Claudia Huser, Fraktionschefin GLP

Marcel Budmiger, Fraktionschef SP

Wer mehr Fachkräfte will, muss sie ausbilden, anständig entlöhnen und auch Müttern weiterhin die Berufstätigkeit ermöglichen. Der Kanton Luzern ist diesbezüglich schlecht unterwegs. Der Anteil an Stipendienbeziehenden an der Gesamtbevölkerung ist in keinem Kanton tiefer als in Luzern. Es braucht aber Investitionen in die Aus- und Weiterbildung der Bevölkerung. Wer ausgebildet ist und arbeiten möchte, soll dies auch tun können. Doch auch die Vereinbarkeit von Familie und Beruf wird vom Kanton Luzern vernachlässigt. Hier setzt die Initiative unserer Partei für bezahlbare Kitas an. Mit einer flächendeckenden Versorgung mit familienergänzender Kinderbetreuung werden vor allem Frauen motiviert, wieder eine Arbeitsstelle oder ein höheres Pensum anzunehmen. Gerade auf der Landschaft fehlen Betreuungsplätze und wenn es sie gibt, sind sie oft zu teuer. Zudem braucht es attraktive Arbeitsbedingungen und Mindestlöhne. Wer eine Berufslehre hat, soll mindestens 5000 Franken verdienen. Akuter Mangel herrscht im Pflegebereich, wo es dringend eine Entlastung des Personals braucht. Aus diesem Grund kommt demnächst ein weiterer Vorstoss meiner Partei gegen den Pflegenotstand ins Parlament.

Marcel Budmiger, Fraktionschef SP

Armin Hartmann, Fraktionschef SVP

Wir brauchen eine effektive, auf den Arbeitsmarkt ausgerichtete Ausbildung.
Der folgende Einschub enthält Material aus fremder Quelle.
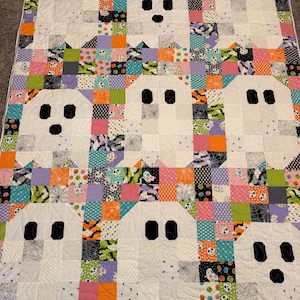 May include: A rectangular patchwork quilt featuring eight white ghost figures with black eyes and mouths. The background consists of a grid of small squares in various colours and patterns, including orange, purple, green, and black with skull motifs.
Durch gute Rahmenbedingungen müssen die Unternehmen den frühen Eintritt ins Erwerbsleben attraktiv gestalten. Die Berufsbildung muss gestärkt werden, und wir müssen auf eine unnötige Akademisierung von Berufen verzichten. Für Arbeitstätige sind Anreize zu schaffen, damit sie freiwillig mehr arbeiten. Das kann eine Erhöhung des Arbeitspensums oder bei älteren Mitarbeitenden auch ein längeres Verbleiben im Erwerbsleben sein. Wir müssen geeignete Rahmenbedingungen schaffen, damit auch Menschen mit Betreuungsaufgaben im Berufsleben aktiv sein können. Die geplante Erhöhung der Kinderabzüge ist ein Schritt in diese Richtung. Für ältere Arbeitnehmende sind Anpassungen bei den Sozialversicherungen zu prüfen. Durch eine Stärkung der Arbeitsintegration können wir die aktuell Nichterwerbstätigen rascher in den Arbeitsmarkt holen. Dies betrifft Arbeitslose, Menschen mit einer gesundheitlichen Einschränkung oder Menschen aus dem Flüchtlingsbereich, die nicht mehr in ihr Heimatland zurückkehren werden. Für gut Qualifizierte soll eine massvolle Zuwanderung möglich sein. Dafür müssen die administrativen Schranken abgebaut werden.